RAID in the cloud

Imagine if you will that I represent a major international criminal organization.

Like any business I have a vast amount of information to store: intelligence information on major law enforcement organizations, cash flow through money laundering, kickbacks, global sales reports etc.. Needless to say I want this information to remain private.

I need this information accessible globally to my various business subsidiaries, and I definitely don’t want this information stored on my laptop as I pass through customs as various jurisdictions feel they have the right to inspect its data contents.

With my own, or with an outsourced data centre anywhere in the world I run the risk that law enforcement officials can walk into the data centre with a court order to provide physical access to the servers my data is stored on. With enough time they can surely decrypt my data. This is an unacceptable state of affairs.

You would think that I would not want to risk storing the information in a data centre such as Azure or Amazon S3 storage: Microsoft may not be able to provide physical access to a server because its been welded into a shipping container, but I’d be a fool to believe there’s absolutely no way to retrieve the data from a specific customer.

I have found a new way to solve my dilemma.
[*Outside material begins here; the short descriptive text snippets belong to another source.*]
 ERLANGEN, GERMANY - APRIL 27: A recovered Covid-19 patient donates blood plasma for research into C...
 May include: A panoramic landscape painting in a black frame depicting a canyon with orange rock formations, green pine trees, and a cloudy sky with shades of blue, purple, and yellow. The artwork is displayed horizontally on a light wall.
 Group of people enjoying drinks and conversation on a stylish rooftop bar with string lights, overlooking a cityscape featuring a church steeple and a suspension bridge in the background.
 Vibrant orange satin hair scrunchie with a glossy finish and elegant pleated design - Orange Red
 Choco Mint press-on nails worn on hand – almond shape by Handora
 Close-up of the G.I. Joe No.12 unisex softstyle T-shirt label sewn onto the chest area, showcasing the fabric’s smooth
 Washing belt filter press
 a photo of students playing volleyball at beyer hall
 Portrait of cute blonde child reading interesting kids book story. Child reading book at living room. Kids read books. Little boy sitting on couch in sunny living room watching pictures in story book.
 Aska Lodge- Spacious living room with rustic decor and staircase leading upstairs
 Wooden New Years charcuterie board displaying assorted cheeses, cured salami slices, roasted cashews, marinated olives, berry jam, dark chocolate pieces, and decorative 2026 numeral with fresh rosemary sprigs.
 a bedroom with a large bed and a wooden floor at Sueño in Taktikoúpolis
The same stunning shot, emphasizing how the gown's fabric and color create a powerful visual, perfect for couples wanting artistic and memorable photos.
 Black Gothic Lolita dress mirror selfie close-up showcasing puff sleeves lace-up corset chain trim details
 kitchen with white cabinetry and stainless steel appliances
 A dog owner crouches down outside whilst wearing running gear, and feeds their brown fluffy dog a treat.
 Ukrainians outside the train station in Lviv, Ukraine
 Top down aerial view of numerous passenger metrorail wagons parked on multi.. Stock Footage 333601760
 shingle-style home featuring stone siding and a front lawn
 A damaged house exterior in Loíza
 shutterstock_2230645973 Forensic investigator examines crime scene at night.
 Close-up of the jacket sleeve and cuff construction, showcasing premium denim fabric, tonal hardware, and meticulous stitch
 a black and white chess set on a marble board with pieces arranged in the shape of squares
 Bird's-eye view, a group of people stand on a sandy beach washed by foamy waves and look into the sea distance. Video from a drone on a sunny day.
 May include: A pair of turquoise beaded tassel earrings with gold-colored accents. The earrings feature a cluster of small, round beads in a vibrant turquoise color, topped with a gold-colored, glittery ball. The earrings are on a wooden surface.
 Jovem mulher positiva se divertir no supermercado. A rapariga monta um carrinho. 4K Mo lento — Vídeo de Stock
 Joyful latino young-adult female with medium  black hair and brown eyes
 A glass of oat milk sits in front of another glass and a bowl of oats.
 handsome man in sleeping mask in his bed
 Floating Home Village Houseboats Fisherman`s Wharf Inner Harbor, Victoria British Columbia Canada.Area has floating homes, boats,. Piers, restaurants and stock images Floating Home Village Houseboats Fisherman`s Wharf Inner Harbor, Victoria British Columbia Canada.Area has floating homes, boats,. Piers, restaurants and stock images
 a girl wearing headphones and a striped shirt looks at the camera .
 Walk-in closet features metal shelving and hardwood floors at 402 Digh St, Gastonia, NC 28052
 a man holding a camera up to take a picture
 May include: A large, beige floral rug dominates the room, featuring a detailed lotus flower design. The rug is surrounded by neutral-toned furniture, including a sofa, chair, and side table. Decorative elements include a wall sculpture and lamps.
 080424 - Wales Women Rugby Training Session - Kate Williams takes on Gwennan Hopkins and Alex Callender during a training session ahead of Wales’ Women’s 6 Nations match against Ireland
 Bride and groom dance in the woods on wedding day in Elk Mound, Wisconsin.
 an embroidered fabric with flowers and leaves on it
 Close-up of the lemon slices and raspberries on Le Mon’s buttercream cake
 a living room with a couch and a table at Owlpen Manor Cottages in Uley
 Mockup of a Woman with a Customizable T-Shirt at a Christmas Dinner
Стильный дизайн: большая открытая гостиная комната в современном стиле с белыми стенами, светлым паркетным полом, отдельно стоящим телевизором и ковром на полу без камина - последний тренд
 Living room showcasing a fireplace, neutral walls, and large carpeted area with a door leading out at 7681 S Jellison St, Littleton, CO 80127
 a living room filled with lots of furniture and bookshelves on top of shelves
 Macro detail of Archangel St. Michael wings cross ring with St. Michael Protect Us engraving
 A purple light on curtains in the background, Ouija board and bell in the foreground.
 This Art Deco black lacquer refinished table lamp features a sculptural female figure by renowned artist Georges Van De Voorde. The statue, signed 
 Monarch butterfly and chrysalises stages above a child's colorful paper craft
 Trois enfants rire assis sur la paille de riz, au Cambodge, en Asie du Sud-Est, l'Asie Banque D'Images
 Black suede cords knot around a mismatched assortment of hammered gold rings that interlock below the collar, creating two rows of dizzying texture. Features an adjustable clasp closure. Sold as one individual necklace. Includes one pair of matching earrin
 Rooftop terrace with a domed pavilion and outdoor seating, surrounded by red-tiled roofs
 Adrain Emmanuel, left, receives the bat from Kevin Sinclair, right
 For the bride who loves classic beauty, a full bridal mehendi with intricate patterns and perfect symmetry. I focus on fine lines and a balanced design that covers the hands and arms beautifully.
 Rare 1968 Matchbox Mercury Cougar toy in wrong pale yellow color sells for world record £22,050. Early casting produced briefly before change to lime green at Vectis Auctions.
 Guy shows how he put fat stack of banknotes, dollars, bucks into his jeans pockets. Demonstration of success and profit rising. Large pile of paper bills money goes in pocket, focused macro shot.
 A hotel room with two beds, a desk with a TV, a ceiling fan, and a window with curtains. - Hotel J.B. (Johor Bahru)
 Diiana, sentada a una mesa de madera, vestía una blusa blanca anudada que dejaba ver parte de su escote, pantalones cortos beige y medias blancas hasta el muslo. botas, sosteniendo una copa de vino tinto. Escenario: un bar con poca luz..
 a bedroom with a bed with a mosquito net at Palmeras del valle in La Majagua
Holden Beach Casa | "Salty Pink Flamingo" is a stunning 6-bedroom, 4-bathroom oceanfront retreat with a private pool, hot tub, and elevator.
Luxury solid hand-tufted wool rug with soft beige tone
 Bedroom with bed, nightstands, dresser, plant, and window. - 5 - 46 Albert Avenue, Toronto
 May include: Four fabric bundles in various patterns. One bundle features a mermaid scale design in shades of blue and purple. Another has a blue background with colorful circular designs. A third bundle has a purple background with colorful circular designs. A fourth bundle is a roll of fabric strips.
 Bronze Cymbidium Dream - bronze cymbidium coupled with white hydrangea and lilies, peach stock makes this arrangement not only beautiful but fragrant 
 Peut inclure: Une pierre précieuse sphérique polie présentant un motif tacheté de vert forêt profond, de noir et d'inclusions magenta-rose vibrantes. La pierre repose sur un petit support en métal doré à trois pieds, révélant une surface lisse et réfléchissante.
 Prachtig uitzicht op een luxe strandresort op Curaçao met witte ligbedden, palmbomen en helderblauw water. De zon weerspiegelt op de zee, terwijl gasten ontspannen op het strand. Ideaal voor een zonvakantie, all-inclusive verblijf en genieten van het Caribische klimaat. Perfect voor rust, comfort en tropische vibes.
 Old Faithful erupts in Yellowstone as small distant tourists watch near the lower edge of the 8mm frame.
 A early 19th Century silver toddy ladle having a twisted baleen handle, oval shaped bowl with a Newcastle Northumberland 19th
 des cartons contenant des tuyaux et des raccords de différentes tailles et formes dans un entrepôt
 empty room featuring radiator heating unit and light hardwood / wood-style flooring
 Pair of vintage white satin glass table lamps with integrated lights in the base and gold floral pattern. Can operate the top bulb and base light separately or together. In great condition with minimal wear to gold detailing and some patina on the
Cloud based data storage providers have multiple data centres distributed globally. Typically these use some concept of a container for the data, and when I create this container I can set the location for it. For example with Azure Microsoft have the capacity to make data centres available in multiple countries – USA and Ireland look like the first, but there’s no reason they can’t be rolled out to other countries.

Legal data centres protect against disk failure by using RAID – an implementation of error correcting codes to distribute a byte over more than one physical disk. My globalized illegal data storage will use a similar algorithm but instead of striping over disks I will stripe over multiple data centres located in multiple legal jurisdictions and from multiple vendors where possible.

If I can find 3 locations initially (US, Ireland and Iran for example) then I can use ‘RAID’ 5 over 3 data centres.

Consider the advantages this provides me. The US decides I must be brought to task and forces Microsoft to hand over my data from the US. No problem. With 1/3 of the data, and with the algorithm used correctly it should not be possible to retrieve the full byte of information. The US decides to deny access to my data store. Again, no problem. From the remaining data stores in Ireland and Iran I can reconstruct the missing data and push this into a new data centre.

Perhaps you feel the US and Ireland could agree on the need to force disclosure of my data. As additional cloud storage locations open in other countries the problem becomes increasingly pernicious. It becomes much harder to locate and access my data without the correct keys.

Like any new technology, cloud computing is bringing new challenges – some for developers who must choose how to best take advantage of it, but also to government regulators who need to decide how to control abuses of the technology. Have you thought through the opportunities and consequences yet?